É esta a realidade que diferencia Lula de Bolsonaro. Lula é um estadista. Bolsonaro é uma atrofia-política. Não tem, em si, os predicados mínimos para perceber e conceber o real individual e muitos menos o coletivo. Em si, o mundo é totalmente abstrato. Não existem nele corpus-concretos que estimulem práxis e poieses políticas materializadoras do social-fundamental. Como também não existem nos que se identificam com ele.

 

Para lula, ser presidente é se materializar como Ser-No-Mundo como Projeto-Existencial atualizador e concretizador de Bens-Públicos. Para, Bolsonaro, ser presidente é perambular por um conglomerado arquitetônico designado-administrativamente como Palácio do Planalto ou Palácio do Alvorada e se envolver com elementos com as mesmas semelhanças existenciais que lhe fazem ser a perceptiva e concebida atrofia-politica. Não há Ser-Político em Bolsonaro. E, não havendo Ser-Político em Bolsonaro, não há presidente. E não havendo presidente, não existem signos-presidenciais para servirem de referências com Lula.

 

Logo, alucina e delira (São milhares) quem tenta fazer comparação do governo Lula com Bolsonaro estruturado por visível atrofia-política concebida e expressada livremente em seu compulsivo sorriso.

 

Como diz a psicanalista inglesa Melanie Klein, o sorriso de quem não atingiu o grau do riso: a descoberta do Outro fora de seu narcisismo-primário-oral.
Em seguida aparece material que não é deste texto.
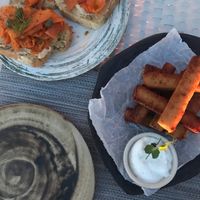 Carrot tartine and chickpeas fries at Mandala in Belgrade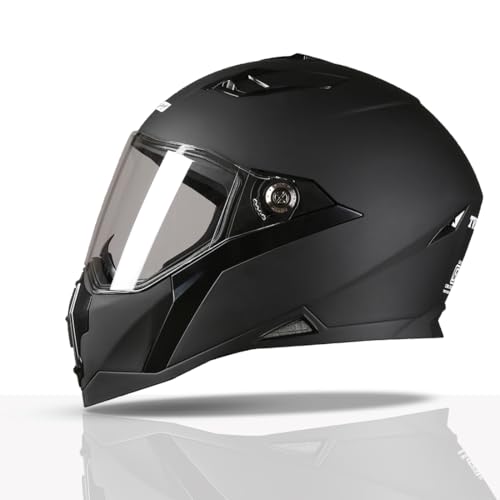 TVS Racing Anti Matter Full Face Helmet for Bike & Motorcycle Riders-DOT & ISI Certified-Lightweight ABS Shell, UV Resistant-Ventilated Comfort Liner, Quick-Release Visor & Chin Strap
Ou, como afirma a filósofa, Simone de Beauvoir, não entendeu que somos totalidade destotalizada em função de Existirmos por determinação do Outro. Ou seja: Eu não Existo enquanto não sou Objeto-Cognitivo do Outro. O que faz com que minha Liberdade se concretize em Processo-Dialético em Compromisso-histórico com o Outro como meu diferente, mas como Projeto-Mundano de Todos. 

 

Como diz a Naínha dos Saberes-Populares: “Lula totaliza-se em Sociedade, Bolsonaro fragmenta-se em abstrações-dissipadoras. Não existem corpus-referencias entre os dois. Na verdade, não existem dois: mas, somente um: Lula”.